Navigation Drawer Activity Template from Android Studio

It is built on Fragments, which is a useful model to have, especially if you want a common navigation drawer across multiple screens. It might be a little more than needed for a simple app, so below I will walk through how to add a navigation drawer to an existing app from scratch. If your needs go beyond what we cover here, there is a lot of good information on the Android Developer site about how to create a Navigation Drawer.

Open or Create a Project

If you care to follow along, clone or download my super simple starter app from GitHub: OS List. (The finished source is available at the end of this article.) All you need is an Activity, though.
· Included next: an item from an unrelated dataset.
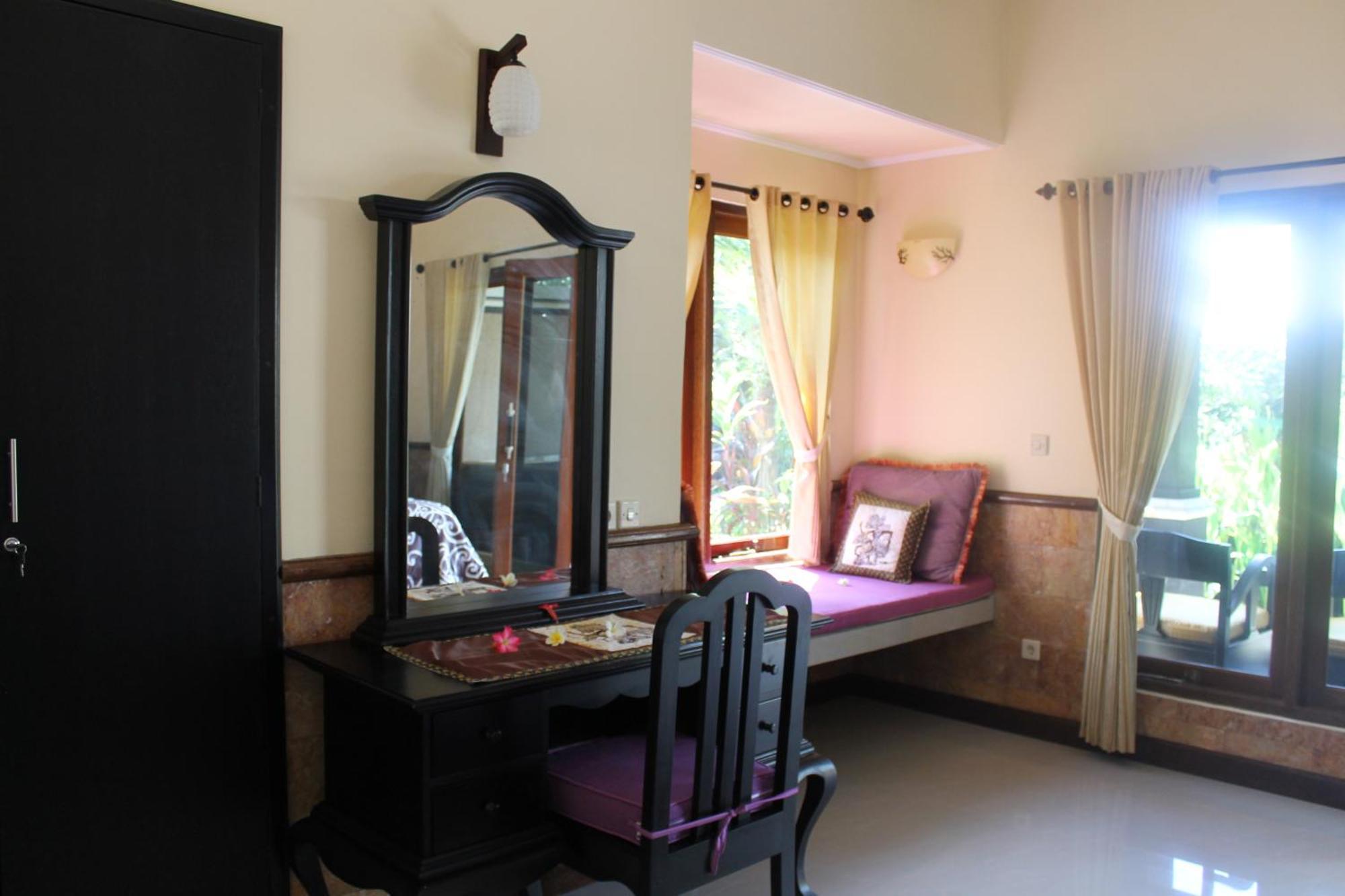 Mans Cottages & Spa Pemuteran  Room photo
This app will target Android 4.0 and above, but the support library that brings us the Navigation Drawer makes this available on even older versions.

Your project may already contain the required dependency to use the Android support library, but if not, add the following line to the dependencies section in the build.gradle file for your app module:

compile 'com.android.support:appcompat-v7:21.0.3'

(You will probably want to use the latest version of the library.)

Update the Layout

The first thing we need to do is modify the layout for our Activity. We simply need to provide a regular layout for the Activity plus a separate layout for the navigation drawer, but both layouts are contained inside the same container: DrawerLayout.

In OS List, we have a simple RelativeLayout with a TextView and ImageView. To add a navigation drawer, we add a new root element of type android.support.v4.widget.DrawLayout.

<android.support.v4.widget.DrawerLayout
    xmlns:android="http://schemas.android.com/apk/res/android"
    xmlns:tools="http://schemas.android.com/tools"
    android:id="@+id/drawer_layout"
    android:layout_width="match_parent"
    android:layout_height="match_parent">
</android.support.v4.widget.DrawerLayout>

Then we add a ListView for the side drawer view:

<ListView
    android:id="@+id/navList"
    android:layout_width="200dp"
    android:layout_height="match_parent"
    android:layout_gravity="left|start"
    android:background="#ffeeeeee"/>

The ListView (or whatever View we use as the side navigation drawer), should be no more than 320dp wide, so that it does not cover the entire Activity when it is out.

You can view the entire layout file here in the completed project on GitHub.

Set the List and Adapter in the Activity

Now that we have a ListView to work with, let’s set it in the Activity. In this example we will use a simple String array as our data set for the list, and an ArrayAdapter to adapt the data. (For more information about using lists and adapters, check out Android Lists and Adapters in the Treehouse library.)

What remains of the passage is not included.